Well ahead of Election Day this November, Mr. Trump — who faces criminal charges related to his efforts to overturn the 2020 race — has already tried to sow doubt about the 2024 election. He routinely insists at his campaign rallies that Democrats cannot possibly win in November without cheating and has more recently urged his supporters to turn out in droves to ensure that his vote total is “too big to rig.”

As he and his campaign took over the Republican National Committee earlier this year, Mr. Trump backed a new chair, Michael Whatley, who he believed held views about election fraud more in line with his own. Such fraud is exceedingly rare despite Mr. Trump’s insistence to the contrary.

Mr. Trump’s daughter-in-law, Lara Trump, was chosen as the committee’s co-chair. Last month, she told NBC that she believed the party was ready to leave the 2020 election in the “past,” even as Mr. Trump continued to re-litigate it on the stump. And she has said that Republicans need to encourage supporters to vote early where legal, even as her father-in-law denounces the practice.

This year, Mr. Trump has encouraged the Republican National Committee to ramp up its investments in so-called election integrity initiatives, like training poll watchers and filing lawsuits over election procedures both before and after Election Day.
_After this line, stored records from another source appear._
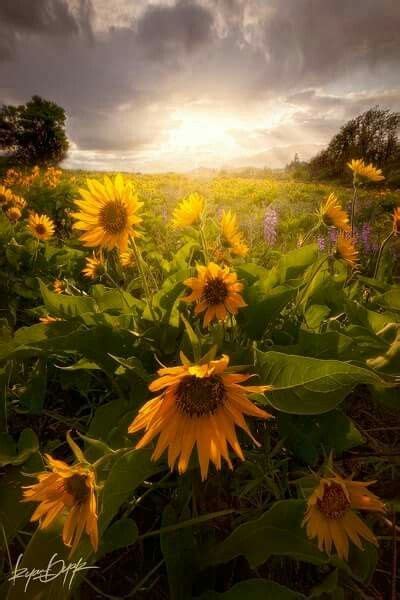 Incredible Photography Of Ryan Dyar Sunflower Garden Landscape The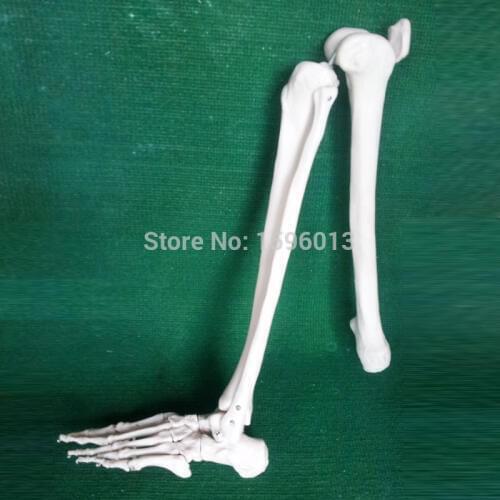 HOT Life-Size Lower Extremity Model, lower limbs model, leg Joint Model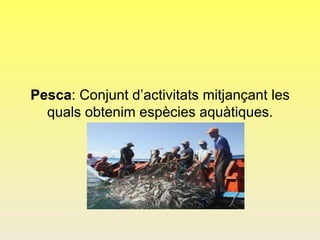 Pesca: Conjunt d’activitats mitjançant les
quals obtenim espècies aquàtiques.
 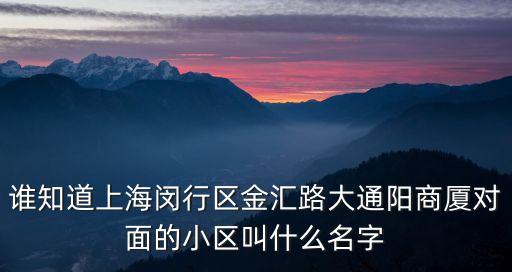 誰知道上海閔行區金匯路大通陽商廈對面的小區叫什么名字
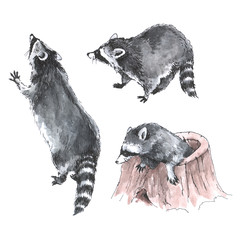 Hand drawn watercolor three raccoons isolated on white background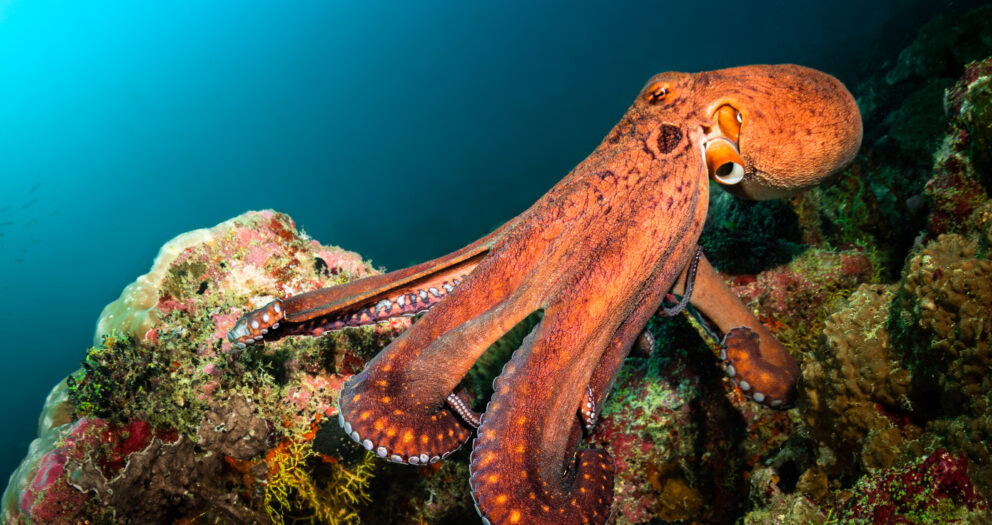 Video of Giant Octopus Being Reeled In by Fishing Boat Terrifies Viewers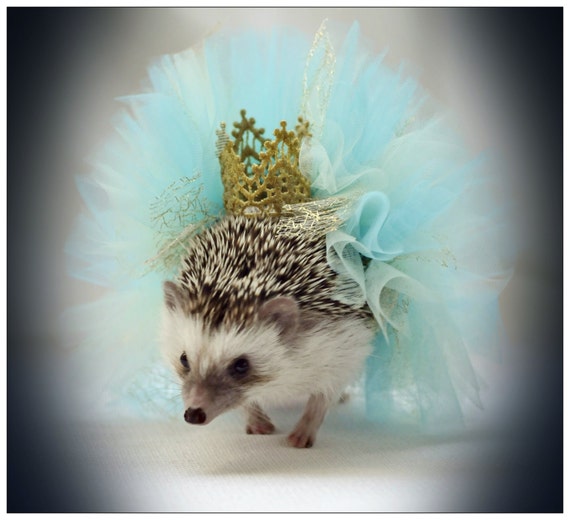 american girl hedgehog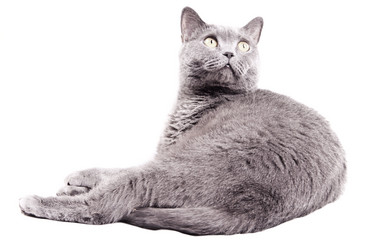 Similar image 18137263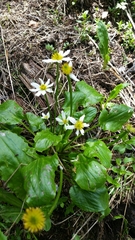 Caltha chionophila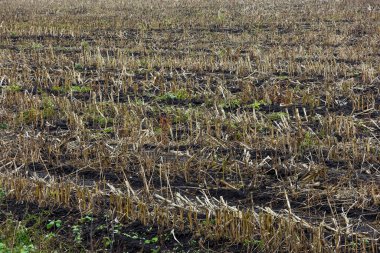 Kuru kökler hasattan sonra tarımdan arta kalanlar.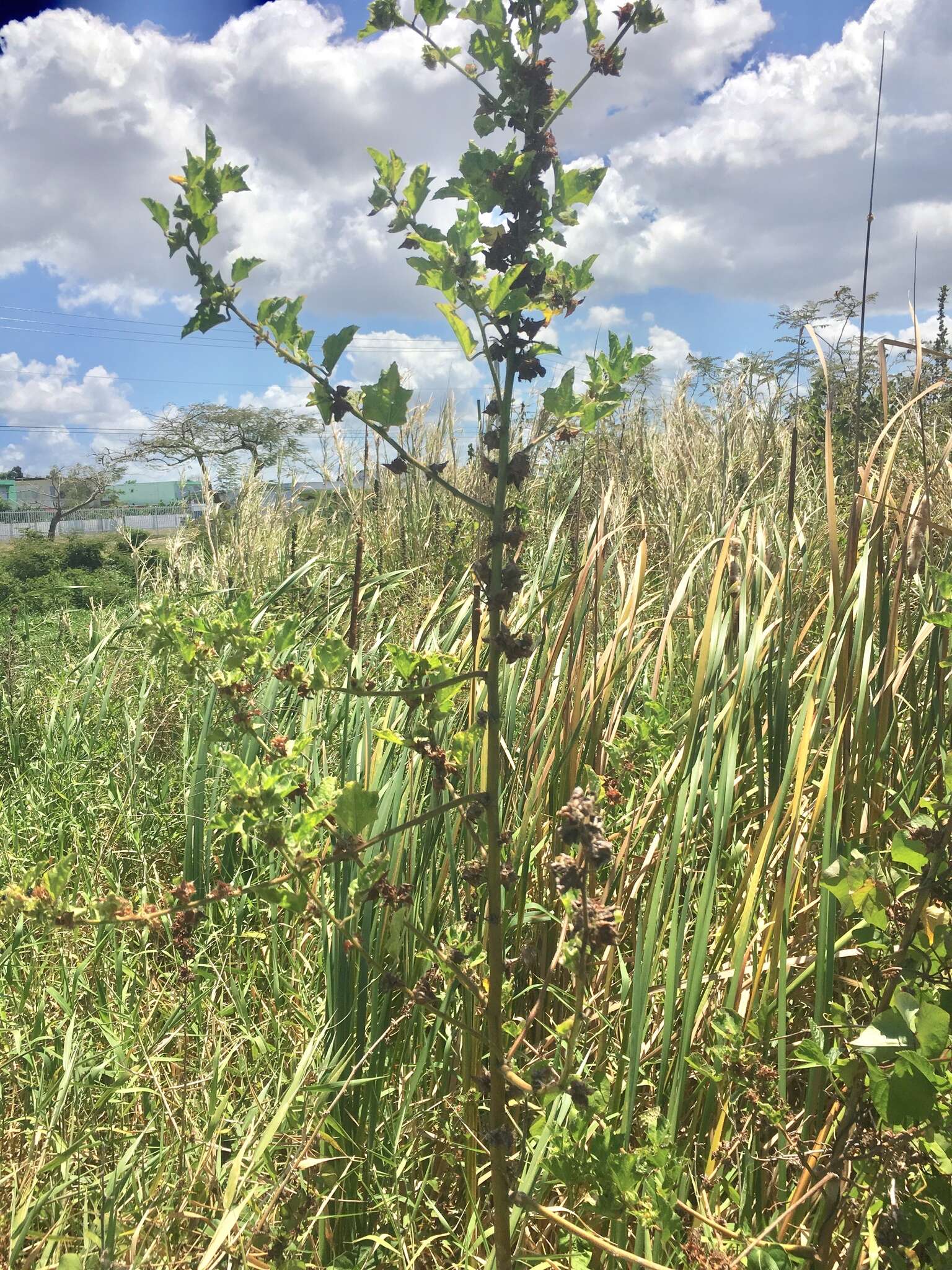 Image of wild okra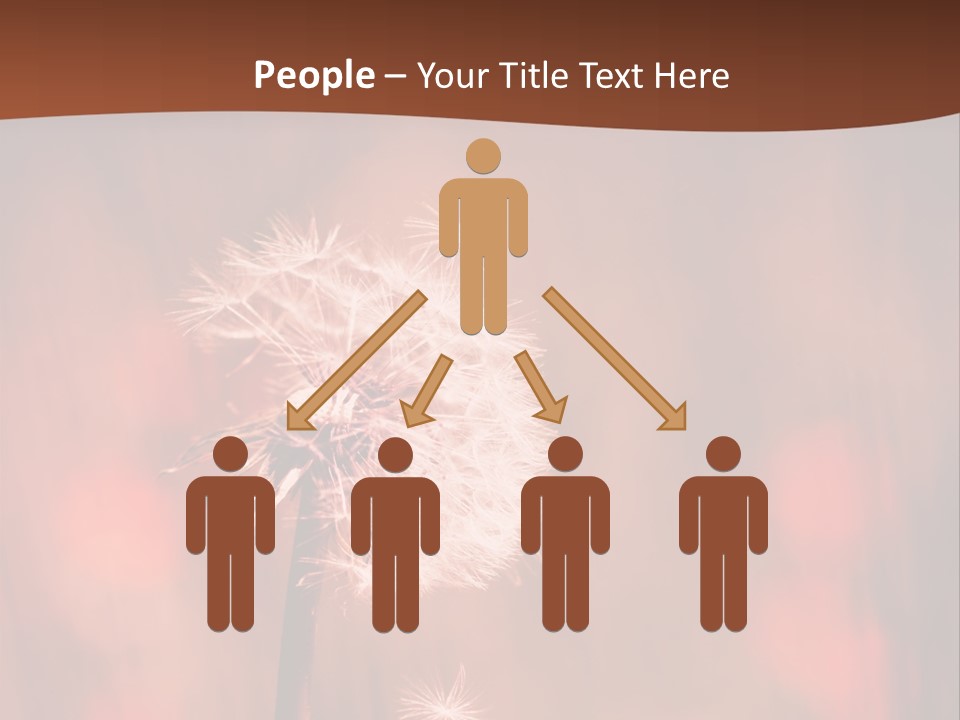 A Dandelion Powerpoint Presentation Is Shown PowerPoint Template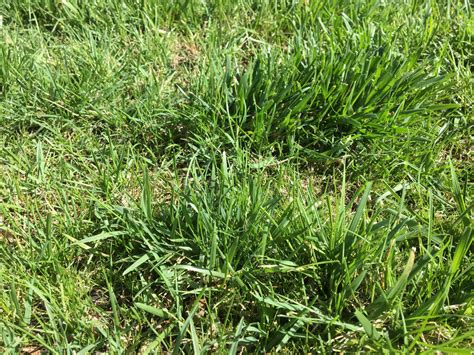 Whats This Wide Blade Grass In My Bluegrass Fescue Yard And How Do I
Republicans in key battleground states have also since 2020 pushed for increased restrictions on voting, including laws requiring identification at polling places and more limits on mail-in voting and early voting, practices that have tended to favor Democrats in recent cycles.

Mr. Trump has repeatedly attacked both practices, arguing frequently that mail-in voting is rife with fraud and that elections need to be limited to “one-day voting.” Other prominent Republicans, particularly in battleground states, have said that the party needs to encourage the practice in order to chip away at Democrats’ advantages.

As speaker, Mr. Johnson has made a public show of his continued support for Mr. Trump, even as the former president has undermined some of his legislative efforts. His predecessor, Kevin McCarthy, was ousted after a right-wing rebellion, leading to days of chaos as House Republicans struggled to pick a replacement.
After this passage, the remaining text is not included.